■ How to complete this task
Output exactly the lines that run from the line with "Johnson Controls MP823E" to the end of the material, both ends included, and no other lines.

-*-

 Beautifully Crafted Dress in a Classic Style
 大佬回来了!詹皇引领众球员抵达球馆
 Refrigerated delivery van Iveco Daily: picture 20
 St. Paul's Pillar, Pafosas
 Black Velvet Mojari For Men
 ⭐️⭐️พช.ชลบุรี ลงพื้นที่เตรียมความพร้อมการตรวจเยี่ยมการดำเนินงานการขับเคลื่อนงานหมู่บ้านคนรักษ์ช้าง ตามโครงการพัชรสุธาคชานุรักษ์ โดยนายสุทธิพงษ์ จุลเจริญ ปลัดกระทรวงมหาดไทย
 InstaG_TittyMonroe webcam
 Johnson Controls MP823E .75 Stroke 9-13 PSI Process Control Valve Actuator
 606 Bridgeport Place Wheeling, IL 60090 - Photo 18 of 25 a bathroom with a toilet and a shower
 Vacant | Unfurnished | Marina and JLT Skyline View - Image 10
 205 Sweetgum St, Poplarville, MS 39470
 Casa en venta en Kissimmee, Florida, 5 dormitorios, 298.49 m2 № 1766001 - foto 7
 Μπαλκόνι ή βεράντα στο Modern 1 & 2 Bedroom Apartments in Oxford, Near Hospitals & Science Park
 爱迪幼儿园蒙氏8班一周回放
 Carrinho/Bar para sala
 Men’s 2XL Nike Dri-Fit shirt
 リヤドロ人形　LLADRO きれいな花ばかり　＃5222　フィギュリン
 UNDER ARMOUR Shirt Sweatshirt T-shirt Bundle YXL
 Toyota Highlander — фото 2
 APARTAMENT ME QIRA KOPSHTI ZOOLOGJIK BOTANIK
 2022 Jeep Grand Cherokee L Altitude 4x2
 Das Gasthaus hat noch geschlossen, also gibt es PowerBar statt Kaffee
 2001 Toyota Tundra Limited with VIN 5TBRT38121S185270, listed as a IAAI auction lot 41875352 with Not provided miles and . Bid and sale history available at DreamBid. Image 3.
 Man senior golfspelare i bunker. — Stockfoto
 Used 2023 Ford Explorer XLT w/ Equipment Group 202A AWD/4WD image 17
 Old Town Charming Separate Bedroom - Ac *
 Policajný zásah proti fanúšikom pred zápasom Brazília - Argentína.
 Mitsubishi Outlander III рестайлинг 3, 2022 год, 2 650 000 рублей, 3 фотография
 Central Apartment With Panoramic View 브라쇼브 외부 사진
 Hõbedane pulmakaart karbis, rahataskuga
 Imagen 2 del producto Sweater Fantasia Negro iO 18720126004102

-*-

■ Response area
 Johnson Controls MP823E .75 Stroke 9-13 PSI Process Control Valve Actuator
 606 Bridgeport Place Wheeling, IL 60090 - Photo 18 of 25 a bathroom with a toilet and a shower
 Vacant | Unfurnished | Marina and JLT Skyline View - Image 10
 205 Sweetgum St, Poplarville, MS 39470
 Casa en venta en Kissimmee, Florida, 5 dormitorios, 298.49 m2 № 1766001 - foto 7
 Μπαλκόνι ή βεράντα στο Modern 1 & 2 Bedroom Apartments in Oxford, Near Hospitals & Science Park
 爱迪幼儿园蒙氏8班一周回放
 Carrinho/Bar para sala
 Men’s 2XL Nike Dri-Fit shirt
 リヤドロ人形　LLADRO きれいな花ばかり　＃5222　フィギュリン
 UNDER ARMOUR Shirt Sweatshirt T-shirt Bundle YXL
 Toyota Highlander — фото 2
 APARTAMENT ME QIRA KOPSHTI ZOOLOGJIK BOTANIK
 2022 Jeep Grand Cherokee L Altitude 4x2
 Das Gasthaus hat noch geschlossen, also gibt es PowerBar statt Kaffee
 2001 Toyota Tundra Limited with VIN 5TBRT38121S185270, listed as a IAAI auction lot 41875352 with Not provided miles and . Bid and sale history available at DreamBid. Image 3.
 Man senior golfspelare i bunker. — Stockfoto
 Used 2023 Ford Explorer XLT w/ Equipment Group 202A AWD/4WD image 17
 Old Town Charming Separate Bedroom - Ac *
 Policajný zásah proti fanúšikom pred zápasom Brazília - Argentína.
 Mitsubishi Outlander III рестайлинг 3, 2022 год, 2 650 000 рублей, 3 фотография
 Central Apartment With Panoramic View 브라쇼브 외부 사진
 Hõbedane pulmakaart karbis, rahataskuga
 Imagen 2 del producto Sweater Fantasia Negro iO 18720126004102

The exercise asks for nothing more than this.